I used Looks since they 1st became available. They only had 1 model then, the Delta. I had a pair that had about 60,000 miles. I bent a spindle in a crash. Aside from that, after 60,000 miles the pedals were in perfect condition. I now have Keos on all my bikes. I have Classic on 2 bikes & Sprints on the other. They've all got about 8-10,000 miles with no issues what-so-ever. I thing it's unfortunate that pedal manufacturers keep building new models, some of which aren't compatible with the older models. I seriously doubt the new models represent any quantum leap in performance or endurance over the old ones. It's just a way for them to make more $$.


----------



## darwinosx (Oct 12, 2010)

I had the white Looks in 1984.

Over the years they weigh less, have a lower stack height, are less complicated, more reliable and introduced float in varying degrees.

The Blade is a far cry from the original Looks.


----------



## Mr. Versatile (Nov 24, 2005)

darwinosx said:


> I had the white Looks in 1984.
> 
> Over the years they weigh less, have a lower stack height, are less complicated, more reliable and introduced introduced float in varying degrees.
> 
> The Blade is a far cry from the original Looks.

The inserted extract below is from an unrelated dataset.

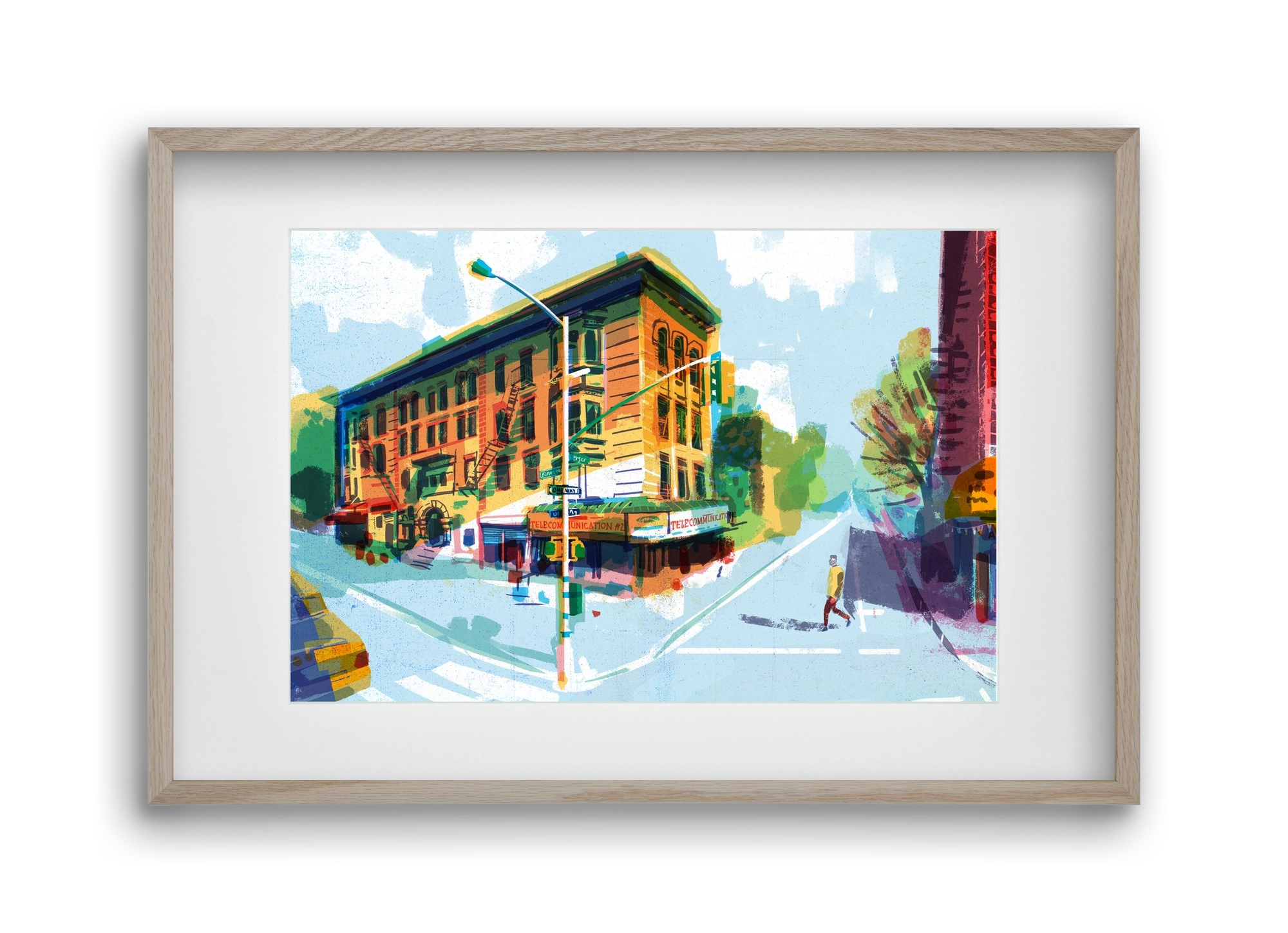 Street in New York 1, 45x30 cm (30x20 cm), Tölgy keret, paszpartuval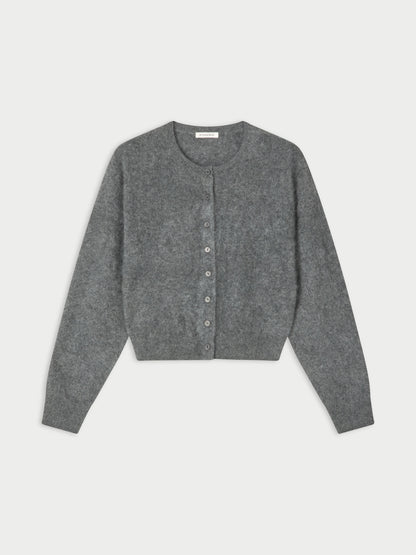 Montana Knit Cardigan In Grey Melange by By Malene Birger - view 3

True, but is it any kind of quantum leap over the regular, plain vanilla Keos?


----------



## darwinosx (Oct 12, 2010)

It's certainly enough for me. The steel plate, wider pedal, and more positive click in and out minus the squeak are well worth it.


----------



## darwinosx (Oct 12, 2010)

darwinosx said:


> I really like the Blades as well. Bought the cro-moly axle version for $177 new on eBay. They are very positive to click in and out. Sort of like Dura-Ace, You know when you are in and out. I like the all around width which is especially important to me with size 49 wide feet. The Blades are really easy to get into. They have a big "lip" on the front that i can get my cleat into easily without really thinking about it. The release point is further out than others but not really noticeable after a few rides.
> I don't care for the float of the red cleats. It's too loosey goosey. I much prefer the Time iClics for better designed float. I may use the grey cleats and see how I like those. I was thinking I would switch to Blades from the iClics but right now I'm not so sure.


I had a really good bike fit session today at Bicycle Ranch in Scottsdale, Az and used the gray cleats. I am permanently going to the Keo Blades. Really like the Time iClics but like the Blades a little more.


----------



## darwinosx (Oct 12, 2010)

Jay Strongbow said:


> Not when you're starting with Dura Ace. If you happen to like them more or your DA's are old and/or beat up yeah but otherwise I wouldn't call it an upgrade.


Hard to say much bad about the DA but I think the Looks are a little easier to get into due to the more pronounced lip in the front and the DA are pretty slippery if you hit them wrong.


----------



## Lu-Max (Feb 4, 2011)

I decided to go with Keo Blade Ti 16Nm pedals for my new bike build, it was down to the 7900s or these. I was happy with my previous Look pedals so the Blades got the nod. I also have my current pedals tightened all of the way down so I went with the 16Nm vs the 12Nm. Now if the snow would just melt quickly so I could try them out.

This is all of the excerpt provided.